The Artist's Perspective - Art Career

In about six months I will have been selling my paintings for thirty years. Most days I only think about the present and future of things, but other days I ponder the past and what makes up a long career. Not just one as an artist, but in doing anything.
Looking back at this span of time, I’ve of course painted a lot, but as a real thinker of what makes things tick, I think about how the world has constantly changed around me. Look at it this way. During my first year there was essentially no internet or even email. Fax machines were all the craze and starting to become affordable. There were only laser printers, no ink jets. My wife Linda, used a ledger for doing her bookwork. The first computer she had for her gallery back then, Leesburg Gallery of Art, was a brand new Macintosh which was given to her Mother has a promotional gift by her bank for, I suspect, opening a somewhat fat savings account. It was the first generation Mac made.
Not so long after getting started, I experienced my first recession as an artist in1989. I had already experienced two previous ones in my working life thus far, but as an artist I would encounter a total of three more, including the big one from 2007 to 2009. It’s the one that people still talk about and some are still recovering. Based on experience, we’re due by the way. But there was also other disruptions, like war. The United States has been in 13 conflicts around the world since the late 80’s and we’ve had Mad Cow outbreaks, brutal storms, and three government shutdowns, with the possibility of a forth one looming over us. Then there was also the tragic day of September 11th. The point of this, is that one must keep on keeping on.

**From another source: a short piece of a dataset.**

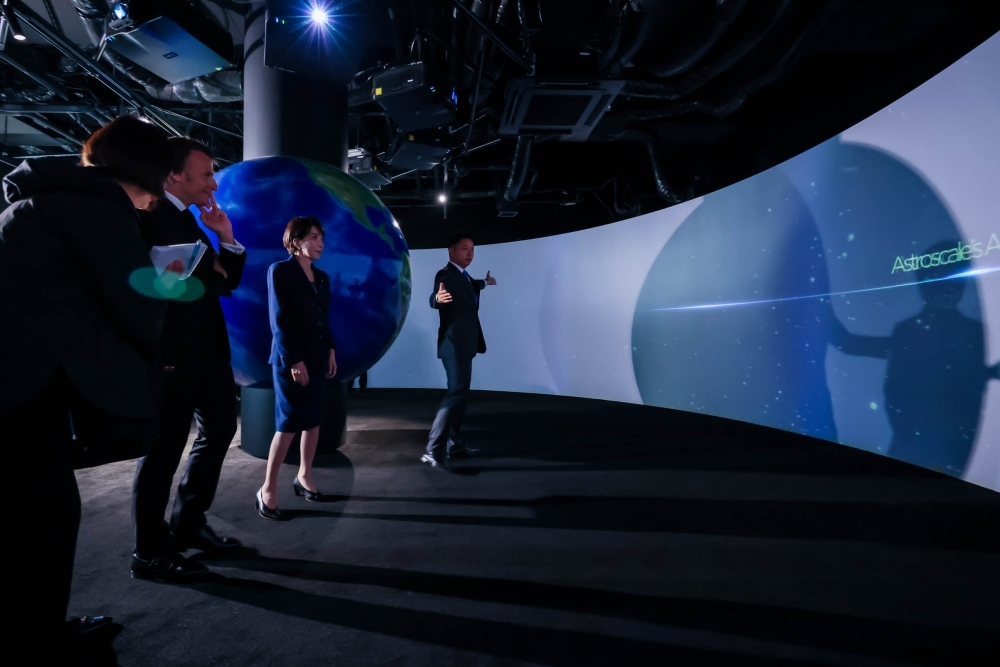 The two leaders briefed on Astroscale's activities in on-orbit servicing including space debris removal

Progress in that time has brought us the internet or the world wide web as they called it. It has given us iPods, smartphones and digital cameras. Funny, I became a photographer in the mid 70’s and with film, I could have pretty much kept going with the same camera for decades. With the invention and eventual miniaturization digital cameras, I’ve bought no less than a dozen of them trying to keep up with increasing quality, only to find out most of us just need our phone’s built in camera, and video camera, notebook, calendar, voice recorder and computer!
When I started this career, your phone had a cord and if you were lucky, a long one at that, and your television was in one of two places, on a stand or in an armoire. Today people are giving up land lines and you have a hard time giving away a armoire! The Salvation Army won’t even take them! I can remember the first flat screen television I saw. It was priced at $13,000. and it sat on a stand. Today they’re much bigger, 1/5th the price, and they mount on the wall, usually right where art would go. Go figure.
In my career though, Linda and I have owned two gratifying art galleries, directed another very large corporate gallery which was an awesome experience. We worked for the largest fine art publisher [in its day] and I was exposed as an artist to a grand amount of talent and shows across the country. I’ve done over 40 one man shows myself and more group shows than I could possibly count. Each was a wonderful progression of the next, with artistic growth and meeting new art enthusiasts over the years. I’ve also had my paintings go all over the United States and to several countries abroad. It’s been one step after another, having faith in my decision to live an artful life. A life of creativity, being inspired and hopefully inspiring others along the way.
I can remember having an investment guy who asked me, when do you want to retire? Retire? I said, I do what people do when they retire!